Equity in clear over rule change to deal with racist members

Claims that a rule-change referendum breached Equity’s own regulations have been dismissed following an investigation.

The referendum was aimed at allowing Equity to tackle racist members.

The independent certification officer, who is responsible for ruling on alleged breaches of trade union rules, has dismissed two separate complaints from members Madhav Sharma and Dave Eager.

Equity’s referendum result-ed in the union amending its rules so the right of a member to express personal or political beliefs is removed where they have been found to have harassed or victimised others.

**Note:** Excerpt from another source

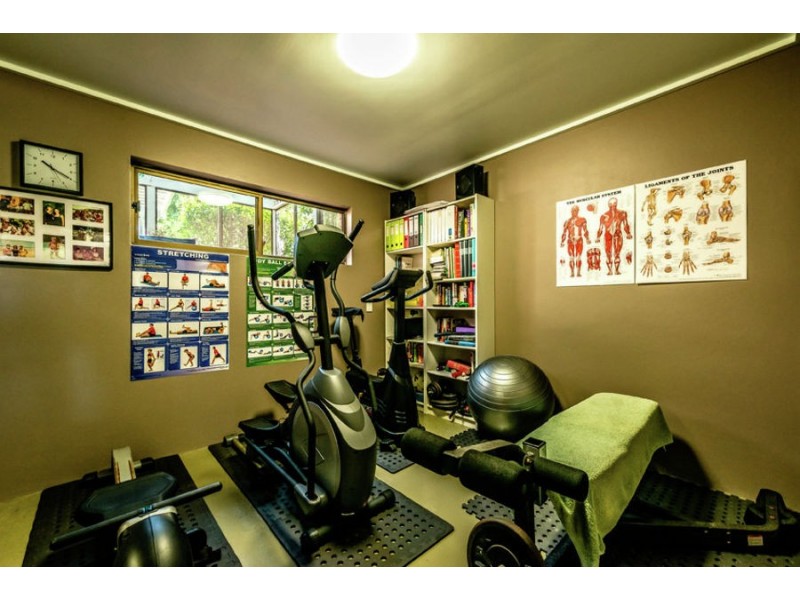 10 Ocean View Crescent, Emerald Beach NSW 2456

Sharma complained that the referendum’s booklet, submitted with the ballot papers, did not “contain statements for and against” the three new rules. However, certification officer David Cockburn said the union’s rules state Equity only has to provide arguments for and against the actual referendum question – which in this case was: “Do you approve of making changes to the Equity rules as set out on page 10 of this document?”.

Eager complained Equity had breached its rules by using its resources to campaign for one side of the argument – a “yes” vote – and by holding the referendum without discussing the three new rules, which he said is required under the union’s regulations.

Regarding his first complaint, Eager said it was “implied” in the union’s rules that resources should not be used to campaign for one side of an argument.

But Cockburn said: “The issue to which the complaint gives rise is a matter for the internal democratic processes of the union. It is not one which can be resolved by an application of the current rules of the union, expressed or implied.”

In the second part of his complaint, Eager highlighted an existing rule which states: “Any alteration by referendum shall not be effective unless the general subject matter of the alteration has been discussed within the period of two years prior to the holding of a referendum.”

He claimed that, although the union’s Annual Representative Conference in May 2010 had included discussion on an amendment to a rule about the personal and political beliefs of members, there had been no reference to the introduction of the three new rules which were part of the referendum.

Cockburn said, in his judgment, “the principle underlying” the new rules matched the amendment that was discussed in 2010, and therefore that the “general subject matter” had been discussed.